Activity: Retype every line from the top of the entries down to the one with "THERMAL, CA - AUGUST", both included, and skip the pictures.

Captioned web images:
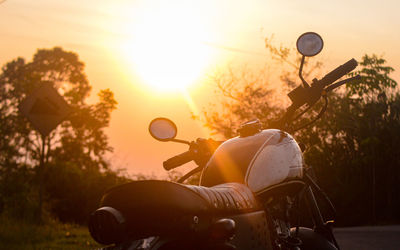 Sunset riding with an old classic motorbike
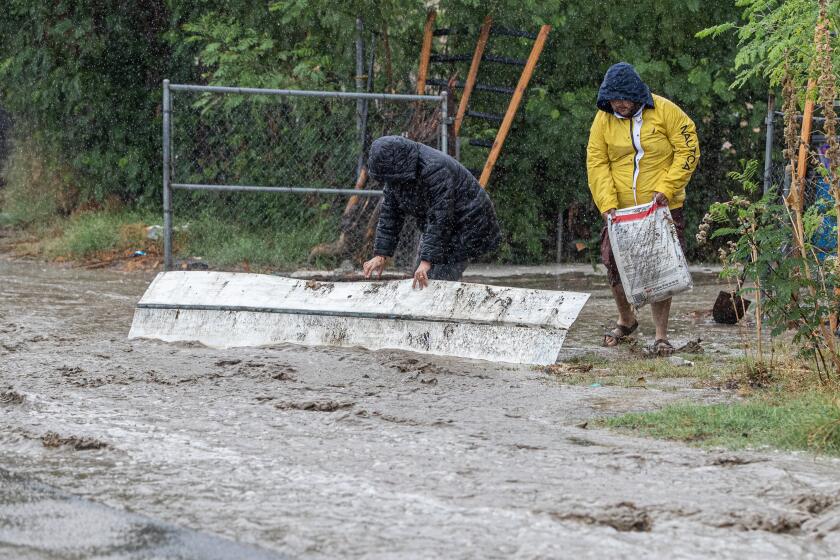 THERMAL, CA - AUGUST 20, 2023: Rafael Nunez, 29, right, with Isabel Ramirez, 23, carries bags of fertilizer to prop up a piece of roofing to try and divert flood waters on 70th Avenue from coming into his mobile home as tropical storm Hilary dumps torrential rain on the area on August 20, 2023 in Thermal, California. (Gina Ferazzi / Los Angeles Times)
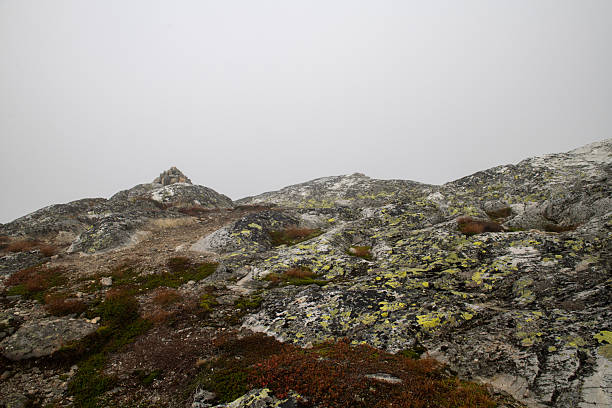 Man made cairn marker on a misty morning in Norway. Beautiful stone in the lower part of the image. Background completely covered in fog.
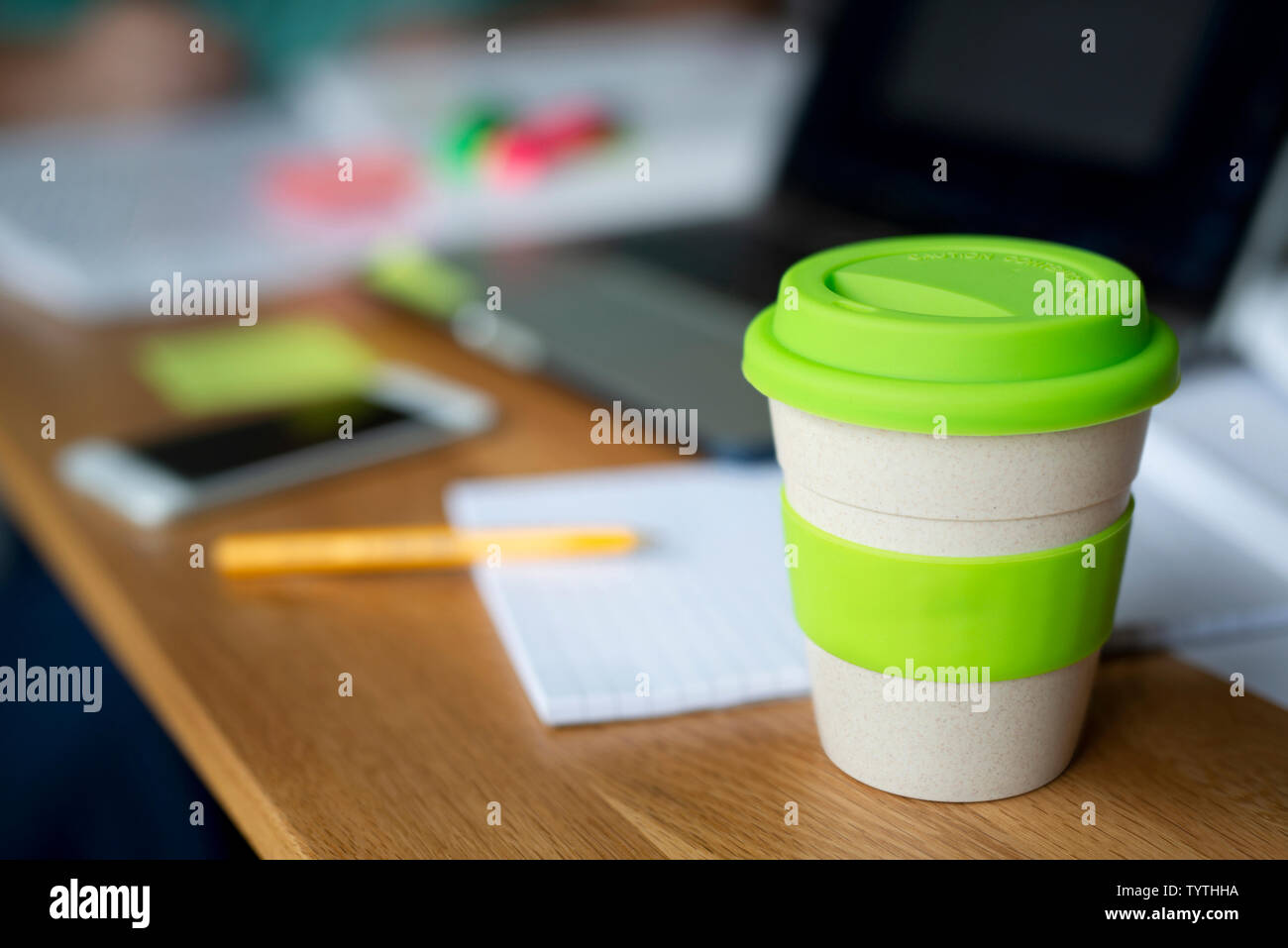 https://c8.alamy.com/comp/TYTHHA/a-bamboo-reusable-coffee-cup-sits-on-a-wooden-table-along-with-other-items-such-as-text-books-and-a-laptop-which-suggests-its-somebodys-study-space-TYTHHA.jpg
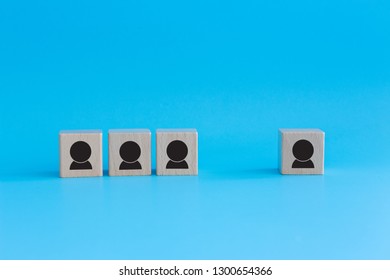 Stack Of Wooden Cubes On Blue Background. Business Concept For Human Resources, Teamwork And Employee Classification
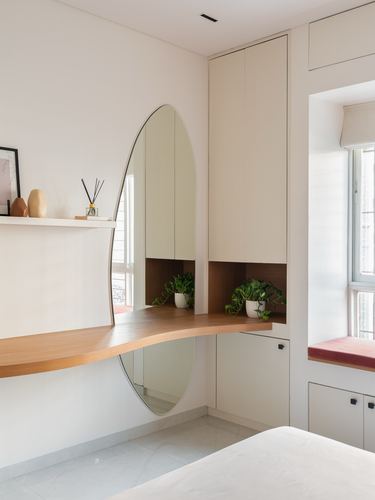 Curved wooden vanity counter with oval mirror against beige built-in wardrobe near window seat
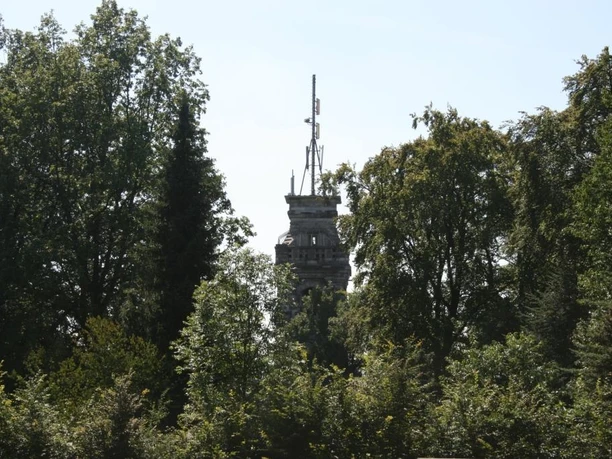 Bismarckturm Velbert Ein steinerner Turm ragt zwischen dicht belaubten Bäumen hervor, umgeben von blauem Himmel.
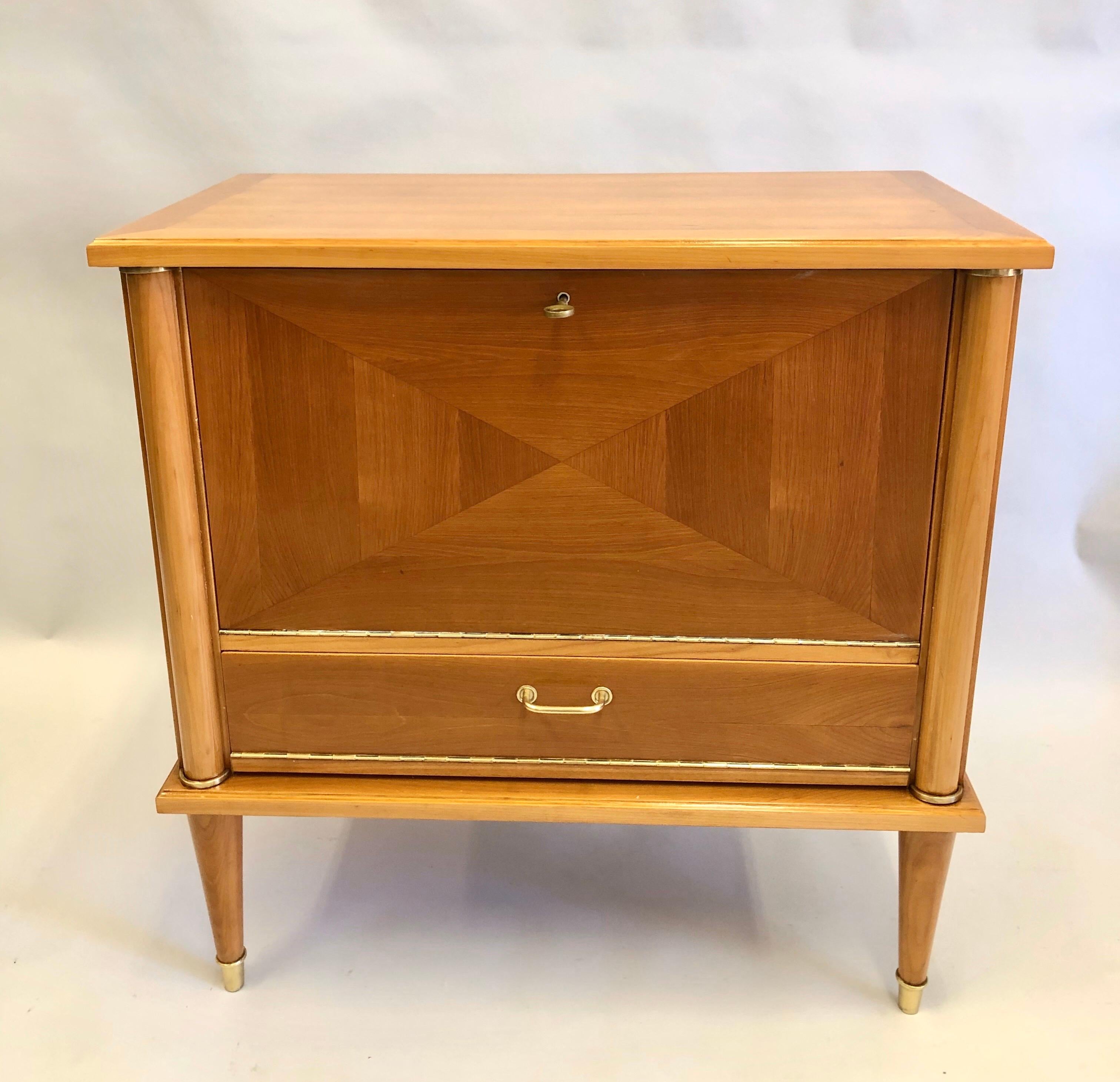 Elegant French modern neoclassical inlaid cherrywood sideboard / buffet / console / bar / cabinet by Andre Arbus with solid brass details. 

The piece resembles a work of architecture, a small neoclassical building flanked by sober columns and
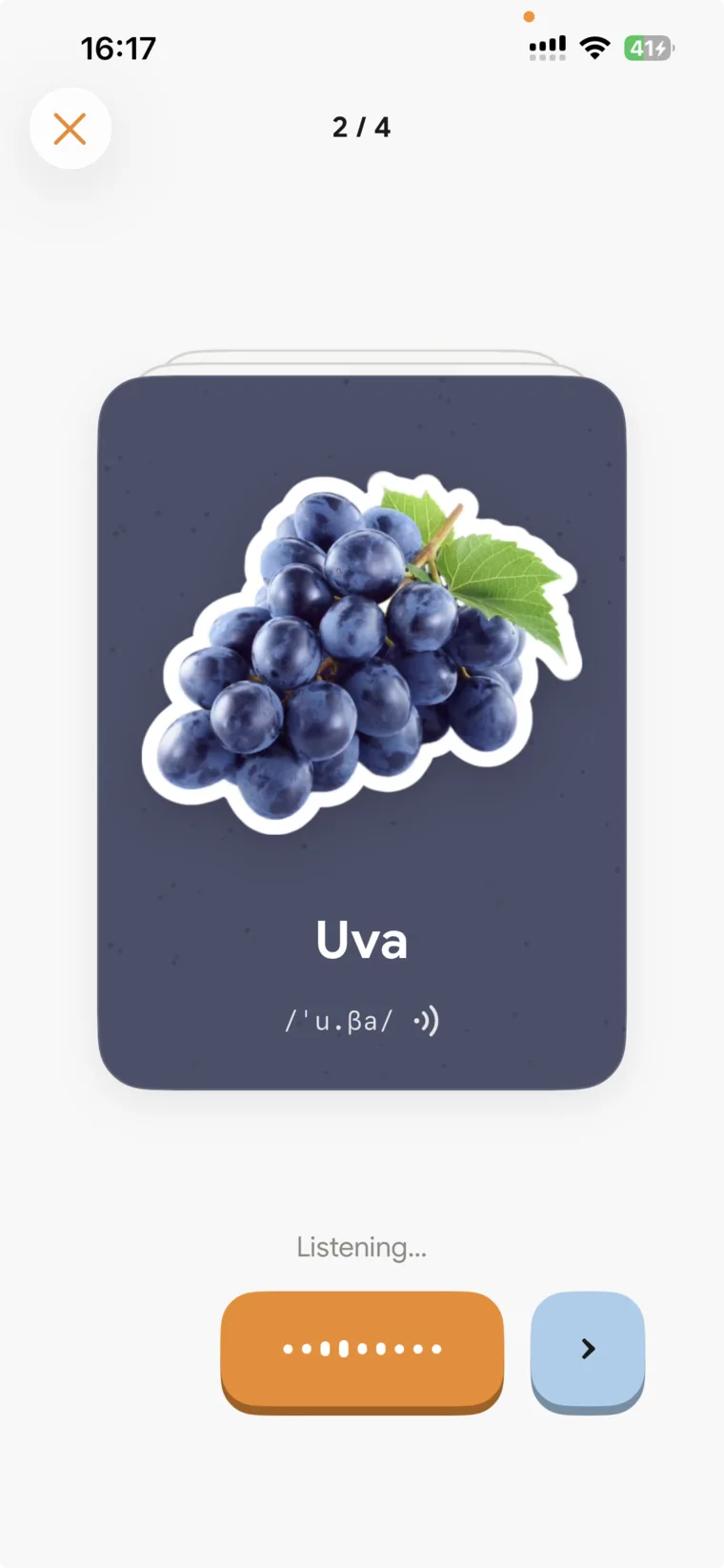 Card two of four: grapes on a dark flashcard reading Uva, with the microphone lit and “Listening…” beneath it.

Result of this task:
 Sunset riding with an old classic motorbike
 THERMAL, CA - AUGUST 20, 2023: Rafael Nunez, 29, right, with Isabel Ramirez, 23, carries bags of fertilizer to prop up a piece of roofing to try and divert flood waters on 70th Avenue from coming into his mobile home as tropical storm Hilary dumps torrential rain on the area on August 20, 2023 in Thermal, California. (Gina Ferazzi / Los Angeles Times)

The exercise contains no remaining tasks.